In the first scenario, I’d see Kerry states (252) plus Iowa (7), New Mexico (5), Colorado (9), Nevada (5) and Virginia (13), for a total of 291. Likely he’ll get one or more of Missouri, North Carolina and Florida, which could add 11, 15 or 27, respectively (for a total of 302, 306 or 318. Ohio I also see as a tossup, which would add 20 or not (322, 326 or 338). So, most likely I think the results will be about 330 electoral votes in this scenario. Popular vote would be 52/46/2. In this scenario, Senate would get the three safe takeovers (Virginia, Colorado, New Mexico) plus Alaska, Oregon and New Hampshire.
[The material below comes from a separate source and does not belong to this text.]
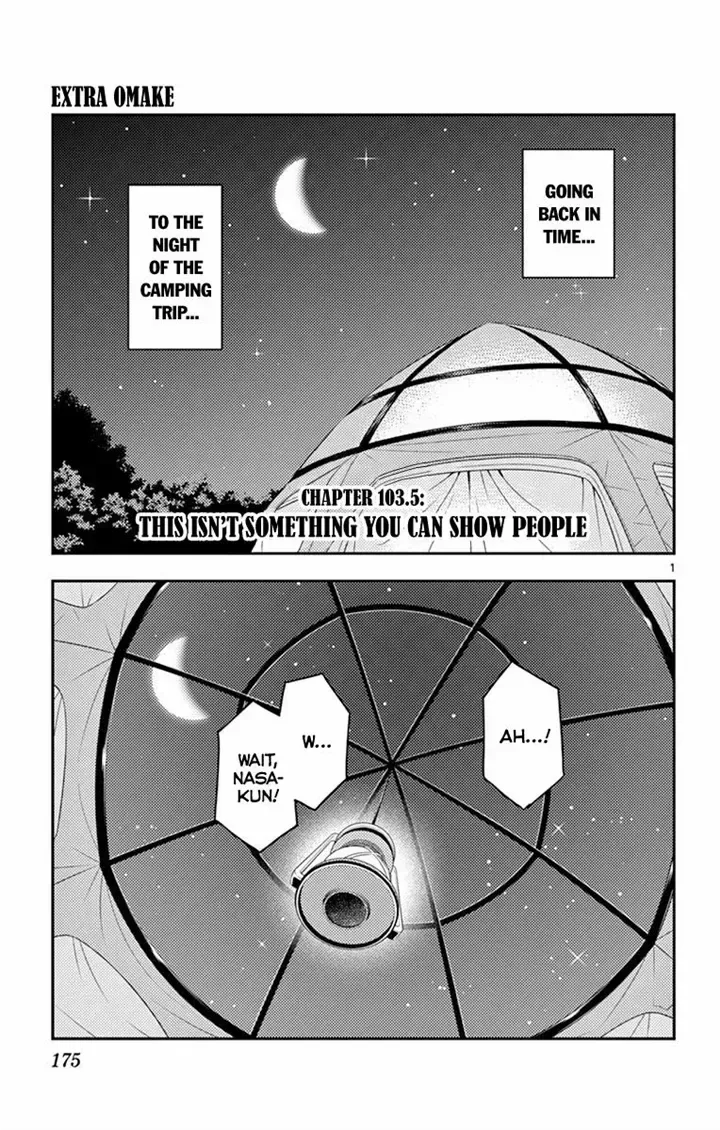 Fly Me To The Moon Chapter 109.5 page 9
North Carolina is a toss-up, so it’s either 6 or 7 pickups. In regard to house seats, I see pickups in this scenario of 20-25.

For the landslide scenario, I see popular vote of 58/40/2, and the electoral map giving every state mentioned above (364) to Obama, plus Indiana (11), North Dakota (3) and Montana (3) for a total of 381. If it’s a really big landslide, I’d say Alaska (3) will go (the latest poll puts it a few points difference between Obama/McCain), along with Arizona (5), South Dakota (3), Mississippi (6) and West Virginia (5) for 408. For the Senate, I then see all the Dem pickups winning, which would mean that Dole and Coleman both lose, plus McConnell in KY, Chambliss in GA and Wicker in MS, which gives you 10 pickups in the Senate. In that scenario, I’d see 40-50 pickups in the House (just a wild guess, as I don’t even know if that’s possible).

So, my two scenarios:

  Pessimistic Landslide
Pop. Vote 52/46/2 58/40/2
EV 322-38 408
Senate 6-7 10
House 25-30 49-50

I would be surprised to see more than one aspect of the optimistic scenario come true, but not surprised it one of them comes close, though the higher the popular vote total, the more likely it becomes. I expect something in between the two scenarios, but probably closer to the pessimistic than the optimistic.